Oggetto di reclamo è il provvedimento nullo di archiviazione, sia decreto sia ordinanza.
Il decreto di archiviazione è nullo, per violazione del contraddittorio, se emesso in mancanza degli avvisi che devono essere notificati alla persona offesa che abbia – ovvero non abbia nel caso di reati commessi con violenza alla persona o del reato di cui all'art. 624 bis c.p. – chiesto di essere informata della richiesta di archiviazione e dell’avviso che deve essere dato alla persona offesa ed all’indagato se l’istanza di archiviazione viene avanzata per particolare tenuità del fatto.

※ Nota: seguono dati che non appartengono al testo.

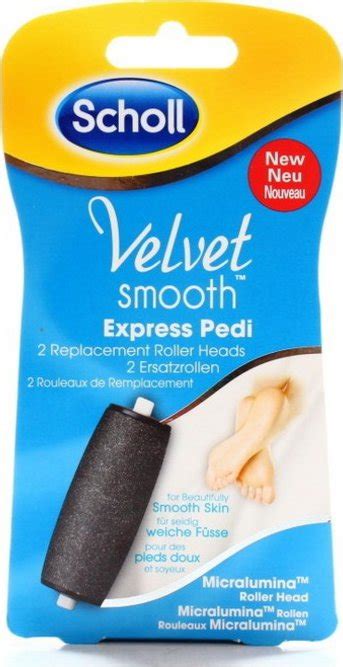 Scholl Velvet Smooth náhradní hlavice středně hrubá 2 ks od 278 Kč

E' altresì nullo, per violazione del diritto di difesa, se è stato emesso prima che il termine di venti giorni (di cui al comma 3 dell’art. 408 c.p.p.) di trenta giorni (di cui al comma 3-bis del medesimo articolo) ovvero di 10 giorni (di cui all'art. 411 comma 1 bis) c.p.p. sia scaduto senza che sia stato presentato l’atto di opposizione.
É infine nullo se, essendo stata presentata opposizione, il giudice non si pronuncia sull’ammissibilità dell’opposizione o dichiara l’atto di opposizione inammissibile, salvi i casi di inosservanza del primo comma dell’articolo 410 c.p.p. (vale a dire mancanza di ulteriori investigazioni nonché di nuovi elementi di prova).
L’ordinanza di archiviazione è nulla nei soli casi indicati dal quinto comma dell’art. 127 c.p.p., che a sua volta prevede la nullità del rito camerale: qualora non sia stato notificato alle parti, con almeno dieci giorni di anticipo, il provvedimento di fissazione dell’udienza camerale (comma 1 dell’art. 127 c.p.p.); non siano state ascoltate le parti se sono comparse o hanno chiesto di essere sentite (comma 3 dell’art. 127 c.p.p.); non si sia tenuto conto di un legittimo impedimento dell’imputato o del condannato che ha chiesto di essere sentito personalmente (comma 4 dell’art. 127 c.p.p.).
Nei menzionati casi di nullità del decreto e dell’ordinanza di archiviazione l'interessato (persona offesa e, nel caso di particolare tenuità del fatto, anche l'indagato) può proporre reclamo innanzi al Tribunale in composizione monocratica entro quindici giorni dalla effettiva conoscenza del provvedimento.
Non sono disciplinati i profili formali relativi all'atto di reclamo come anche quelli relativi al deposito dello stesso, per il quale pare opportuno procedere per il tramite della cancelleria del Giudice che ha emesso il provvedimento gravato.
Il Tribunale, così investito, decide inaudita altera parte con ordinanza non impugnabile (ma revocabile in caso di violazione del contraddittorio: Cass. Pen., Sez. VI, Ordinanza 18 aprile 2018, n. 17535), previo avviso alle parti della fissazione dell’udienza almeno dieci giorni prima (in guisa da consentir loro di presentare memorie fino a cinque giorni prima dell’udienza stessa).
La decisione può avere tre distinti esiti: accoglimento del reclamo, qualora siano state ritenute condivisibili le ragioni che lo sorreggevano, e quindi, annullamento del provvedimento impugnato (con conseguente restituzione degli atti al Giudice che lo ha emesso); ovvero conferma del provvedimento impugnato per ritenuta infondatezza del reclamo, con condanna della parte privata reclamante al pagamento delle spese del procedimento; ovvero, infine, dichiarazione di inammissibilità del reclamo con condanna della parte reclamane al pagamento di una somma in favore della cassa delle ammende (nei limiti di quanto previsto dal primo comma dell’articolo 616 del codice di rito).
L'ambito cognitivo del Tribunale è limitato ai soli profili formali e non include i tipici poteri cognitivi e decisori della giurisdizione di merito.